Showing is, essentially, a scene. Showing consists mainly of description of sensory data, which includes visual and auditory data which usually make up action in a scene. Showing also includes dialogue, which is an action, but one that is presented directly to readers instead of just described. With me so far?

Okay, telling is everything else in the narrative -- essentially, exposition. Telling may occur within a scene or outside of scenes as fragments or whole blocks of exposition. This telling/exposition includes and is often mostly made up of the inner thoughts and feelings, assessments and analysis of the narrating characters -- character pov. It also includes information provided by the omniscient narrator, if you have one of those.

So if you say, "George opened the door" -- that's sensory data, action, it's showing. If you say "George wondered what was behind the door" -- that's character pov, and that's telling. Most parts of any fictional narrative are made up of telling/exposition, but the level of showing/action description varies. There are some writers who use very little exposition and some who use tons.

Most of the time, people don't notice that the telling is telling. Unless it rings flat, which is what in a sense Expendable is talking about. Struggling writers often tell in exposition things that might work better as sensory description in a scene -- key plot events for instance. The solution to this problem in the writing community was seen as telling everyone that all "telling" is evil, though definitions of telling will vary widely, as you may see here. It is possible, of course, to do a key plot event as exposition, not a scene -- Stephen King did it quite skillfully in "Pet Semetary" -- but usually, big plot events get scenes, and it's a good idea to consider what sensory data you can use in your narrative.
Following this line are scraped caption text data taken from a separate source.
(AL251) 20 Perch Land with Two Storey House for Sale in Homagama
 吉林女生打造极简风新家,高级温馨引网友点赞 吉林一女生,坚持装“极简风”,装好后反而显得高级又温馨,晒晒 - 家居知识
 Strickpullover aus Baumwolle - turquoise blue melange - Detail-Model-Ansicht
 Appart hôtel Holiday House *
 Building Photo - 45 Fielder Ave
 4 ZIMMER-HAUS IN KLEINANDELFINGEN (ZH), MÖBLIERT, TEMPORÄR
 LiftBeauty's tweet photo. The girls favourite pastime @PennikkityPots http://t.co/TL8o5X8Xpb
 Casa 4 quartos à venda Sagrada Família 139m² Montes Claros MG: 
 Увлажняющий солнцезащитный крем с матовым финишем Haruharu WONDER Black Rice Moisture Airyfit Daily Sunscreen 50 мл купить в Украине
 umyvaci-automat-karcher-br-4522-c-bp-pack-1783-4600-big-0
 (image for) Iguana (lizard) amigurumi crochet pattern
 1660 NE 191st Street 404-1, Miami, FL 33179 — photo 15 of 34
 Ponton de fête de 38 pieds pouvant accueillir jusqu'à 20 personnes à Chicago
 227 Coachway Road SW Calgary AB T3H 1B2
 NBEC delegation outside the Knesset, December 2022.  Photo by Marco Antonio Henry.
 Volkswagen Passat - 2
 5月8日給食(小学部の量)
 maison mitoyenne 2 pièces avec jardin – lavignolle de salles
Obviously, you have scenes in your work. And in those scenes, you're going to do a certain amount of telling. But if the telling is boring and doesn't work well enough with character pov to develop the narrative, it's likely to not work for the reader. What you have to be careful about though is the danger of going in the other direction -- writing reams and reams of text just to get across the idea that it's cold, when you can simply say "it's cold." There are also many parts of a story where information needs to be imparted to the reader, but you don't want to do so through a scene, whereupon transitional telling/exposition can be extraordinarily useful.

Telling and showing work together, and are often deeply intertwined through character pov. Look at this bit of sf narrative, which comes from the middle of a long scene and figure out what's the sensory description (action/showing,) and what's the exposition/inner mind (telling):

In the meantime, the furious and disorganized enemy had just spotted him. Ender calculated how soon he would reach the wall so he could launch again. Not soon enough. Ender was startled to see Stilson's face among them. Then he shuddered and realized he had been wrong. Still, it was the same situation, and this time they wouldn't sit still for a single combat settlement. There was no leader, as far as Ender knew, and these boys were a lot bigger than him.
Still, he had learned some things about weight-shifting in personal combat class, and about the physics of moving objects. Game battles almost never got to hand-to-hand combat -- you never bumped into an enemy that wasn't frozen. So in the few seconds he had, Ender tried to position himself to receive his guests.

So yes, you may be doing too much telling. Or you may simply be doing telling that doesn't work very well and is too stiff and flat sounding. It doesn't hurt to sometimes get poetic and use metaphors and similies instead of saying "it's cold," or sometimes, to show it's cold rather than have the character just think it, maybe simply by having the character observe sensory data such as his own smoky cloud of breath. But if the character is always having goosepimples, that's not going to necessarily work either. Showing and telling are partners, so if you feel the criticism is valid, you can look at what in the telling parts may be repetitious, stilted, uninformative, awkward with the action, etc.